Data Science and Computational Art History
Invited article for the first issue of International Journal for Digital Art History, published in June 2015
I present a number of core concepts from data science that are relevant to digital art history and the use of quantitative methods to study any cultural artifacts or processes in general. These concepts are objects, features, data, feature space, and dimension reduction. These concepts enable computational exploration of both large and small visual cultural data. We can analyze relations between works on a single artist, many artists, all digitized production from a whole historical period, holdings in museum collections, collection metadata, or writings about art. The same concepts allow us to study contemporary vernacular visual media using massive social media content. (In our lab, we analyzed works by van Gogh, Mondrian, and Rothko, 6000 paintings by French Impressionists, 20,000 photographs from MoMA photography collection, one million manga pages from manga books, one million artworks of contemporary non-professional artists, and over 13 million Instagram images from 16 global cities.) While data science techniques do not replace other art historical methods, they allow us to see familiar art historical material in new ways, and also to study contemporary digital visual culture.
In addition to their relevance to art history and digital humanities, the concepts are also important by themselves. Anybody who wants to understand how our society “thinks with data” needs to understand these concepts. They are used in tens of thousands of quantitative studies of cultural patterns in social media carried out by computer scientists in the last few years. More generally, these concepts are behind data mining, predictive analytics and machine learning, and their numerous industry applications.
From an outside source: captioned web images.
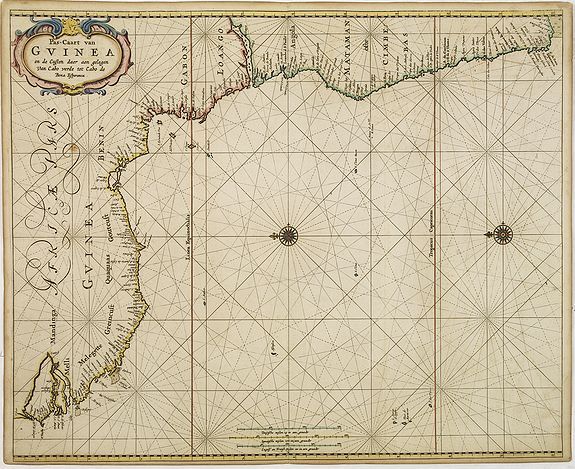 GOOS, P., Pas-Caart van Guinea en den Custen daer aen gelegen Van C.., antique map, old maps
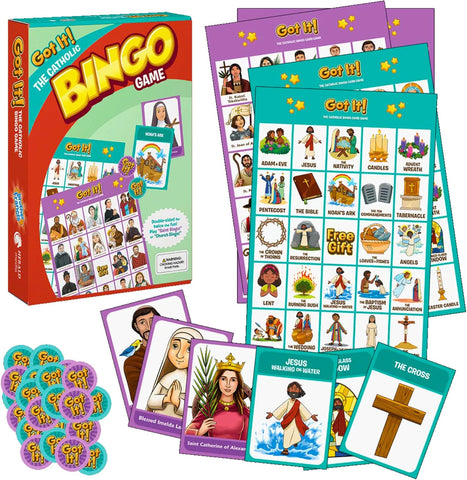 Got It! The Catholic Bingo Game – 2-in-1 Double-Sided Saint & Church Bingo Cards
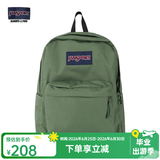 JANSPORT杰斯伯书包轻便双肩包男女旅行包简约背包电脑包学生校园 4QUTKM1军绿色-带侧边袋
In fact, they are as central to our “big data society” as other older cultural techniques we use to represent and reason about the world and each other – natural languages, material technologies for preserving and accessing information (paper, printing, digital media, etc.), counting, calculus, or lens-based photo and video imaging. In short, these concepts form the data society’s “mind” – the particular ways of encountering, understanding, and acting on the world and the humans specific to our era.